Ed Krystosek’s script leapfrogs nimbly in short scenes through these young men’s lives until they have families and children of their own to contend with. The actors working with director Peter Connor make the sometimes abrupt emotional transitions work. The transitions between scenes and passage of time are accompanied by amusing electronic versions of pop songs old and new filtered through the sound system of a gaming console. Speaking of gaming consoles, the most significant part of the set is an enormous replica of an old school Nintendo Entertainment System. The super-Nintendo opens up in several different combinations to be a sofa, a couple of chairs or a bed, and is another part of the production’s peculiar charm.
“You really don’t get how jokes work, do you? You’re just funny every now and again out of dumb luck.”
The guys are known only as Player 1 (Askenaizer) and Player 2 (Reedy), but even though we don’t know their names, we know these guys. We meet the boys when they discover the joys of Nintendo as a confirmation present for Player 1. Player 2’s parents’ troubled marriage unravels over the course of a few quick scenes, and then Player 1’s family needs to move away. The boys’ bond survives, however, and they meet up again at college, rooming together and playing games long into the night. Of course there is a fight over a girl which leads to a fight on the eve of graduation pushing the two men apart for 12 years.
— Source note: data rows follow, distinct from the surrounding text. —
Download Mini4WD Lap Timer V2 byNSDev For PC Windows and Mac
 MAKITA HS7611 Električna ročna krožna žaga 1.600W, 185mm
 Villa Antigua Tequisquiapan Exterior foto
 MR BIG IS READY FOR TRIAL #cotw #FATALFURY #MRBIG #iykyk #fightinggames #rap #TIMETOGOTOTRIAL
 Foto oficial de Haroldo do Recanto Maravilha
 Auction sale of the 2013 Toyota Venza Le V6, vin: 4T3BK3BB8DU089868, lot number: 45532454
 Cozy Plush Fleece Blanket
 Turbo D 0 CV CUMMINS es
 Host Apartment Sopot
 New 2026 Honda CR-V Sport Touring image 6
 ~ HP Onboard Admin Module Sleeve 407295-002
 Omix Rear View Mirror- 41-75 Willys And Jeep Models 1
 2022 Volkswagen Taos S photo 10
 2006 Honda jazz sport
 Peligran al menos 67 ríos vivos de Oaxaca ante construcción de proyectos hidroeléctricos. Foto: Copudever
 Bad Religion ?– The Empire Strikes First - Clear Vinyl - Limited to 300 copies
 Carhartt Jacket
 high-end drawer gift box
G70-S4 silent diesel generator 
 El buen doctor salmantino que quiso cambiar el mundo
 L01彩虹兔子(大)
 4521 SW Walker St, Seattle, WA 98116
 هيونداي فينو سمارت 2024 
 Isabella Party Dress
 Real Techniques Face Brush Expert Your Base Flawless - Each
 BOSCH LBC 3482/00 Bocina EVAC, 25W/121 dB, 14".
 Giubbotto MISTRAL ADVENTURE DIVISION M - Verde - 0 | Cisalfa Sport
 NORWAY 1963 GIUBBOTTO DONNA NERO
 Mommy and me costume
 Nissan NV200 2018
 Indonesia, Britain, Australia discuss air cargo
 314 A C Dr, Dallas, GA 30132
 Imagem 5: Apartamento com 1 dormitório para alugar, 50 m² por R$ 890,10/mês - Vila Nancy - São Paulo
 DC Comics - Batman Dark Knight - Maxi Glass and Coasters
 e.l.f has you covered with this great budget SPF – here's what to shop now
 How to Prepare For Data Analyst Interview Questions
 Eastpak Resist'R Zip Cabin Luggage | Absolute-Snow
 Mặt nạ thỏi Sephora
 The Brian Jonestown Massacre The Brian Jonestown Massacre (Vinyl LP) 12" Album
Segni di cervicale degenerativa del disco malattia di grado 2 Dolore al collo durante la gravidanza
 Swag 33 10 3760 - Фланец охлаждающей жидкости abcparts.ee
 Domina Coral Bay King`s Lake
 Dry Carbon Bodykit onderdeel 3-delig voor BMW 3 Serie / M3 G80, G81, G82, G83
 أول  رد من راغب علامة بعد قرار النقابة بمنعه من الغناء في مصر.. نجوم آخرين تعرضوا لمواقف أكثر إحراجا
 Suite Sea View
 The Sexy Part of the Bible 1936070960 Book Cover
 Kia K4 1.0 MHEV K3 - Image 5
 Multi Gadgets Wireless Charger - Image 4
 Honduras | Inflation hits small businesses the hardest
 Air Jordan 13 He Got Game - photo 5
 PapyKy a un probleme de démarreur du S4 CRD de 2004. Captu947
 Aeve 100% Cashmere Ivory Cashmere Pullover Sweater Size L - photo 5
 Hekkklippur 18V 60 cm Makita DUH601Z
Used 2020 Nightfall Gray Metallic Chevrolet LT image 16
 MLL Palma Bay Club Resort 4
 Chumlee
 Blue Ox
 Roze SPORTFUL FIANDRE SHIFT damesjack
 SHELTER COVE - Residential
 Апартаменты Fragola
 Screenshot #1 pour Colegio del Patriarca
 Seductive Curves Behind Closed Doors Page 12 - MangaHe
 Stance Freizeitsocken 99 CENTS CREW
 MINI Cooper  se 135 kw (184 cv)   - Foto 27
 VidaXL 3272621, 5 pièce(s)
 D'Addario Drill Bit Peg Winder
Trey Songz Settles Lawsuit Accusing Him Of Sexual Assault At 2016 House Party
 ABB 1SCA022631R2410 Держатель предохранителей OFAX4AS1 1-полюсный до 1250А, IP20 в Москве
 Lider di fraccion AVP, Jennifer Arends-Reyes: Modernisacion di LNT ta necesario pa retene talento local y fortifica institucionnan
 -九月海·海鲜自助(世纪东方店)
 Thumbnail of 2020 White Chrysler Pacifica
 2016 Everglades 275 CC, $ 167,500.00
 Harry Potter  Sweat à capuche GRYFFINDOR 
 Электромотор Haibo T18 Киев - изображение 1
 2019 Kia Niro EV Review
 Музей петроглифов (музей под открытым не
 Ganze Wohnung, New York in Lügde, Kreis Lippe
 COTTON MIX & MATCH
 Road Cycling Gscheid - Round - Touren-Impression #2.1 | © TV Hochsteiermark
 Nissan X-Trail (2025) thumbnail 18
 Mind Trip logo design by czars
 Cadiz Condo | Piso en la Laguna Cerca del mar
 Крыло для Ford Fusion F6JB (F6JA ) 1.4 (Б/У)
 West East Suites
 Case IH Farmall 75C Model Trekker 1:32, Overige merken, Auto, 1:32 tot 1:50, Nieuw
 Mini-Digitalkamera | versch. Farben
“Always forward, never straight – something my gay uncle says.”
But when Player 2’s life starts to fall apart after two significant shocks I won’t spoil here, Player 1 reenters his life and becomes the strong foundation of support Player 2 needs to make tough decisions and preparations for their shared future.
“Aren’t I entitled to a month of breakup sex and awkward breakfasts?”
There’s a lot of laughter here, some easy, some borderline. The very theatrical conceit of the rapid passage of time and the big gaming console as setting is further tweaked by asides to the audience, but oddly they don’t distract from the story at hand, or the reality of the men’s situation. Equal credit goes to script, actors and director on that score. While the audience is never not aware they’re watching a play, even with the short scenes the viewer is drawn in by the intensity of the situations and the truth of the performances.
“Promise me you will read Harry Potter so you can talk to the girls. How are you supposed to teach them anything if you don’t know Dumbledore?”
No Stopping, No Warping, No Dying also has a great feel for how guys often just refuse to deal with their emotions, and the violent outbursts that arise when they’re trying to keep from letting someone close enough to hurt them. It also nails the power of a bond between two people with real history together. It may not be a romance, but it’s more than just a bromance. These guys are brothers in every way that counts. The actors make you believe the intensity (and awkwardness) of this connection. It’s something the play needs to work when it pushes into the adult years of these men’s lives together.
“Tell me a story.”
“Close your eyes. Once upon a time there were two best friends. And one of them was given an incredible gift.”
The fact that No Stopping, No Warping, No Dying covers so much ground quickly and believably is a little marvel. It’s one well worth seeing before the Fringe Festival draws to a close and these guys head back to Chicago. Hopefully they like us, and they’ll come back again with something else soon.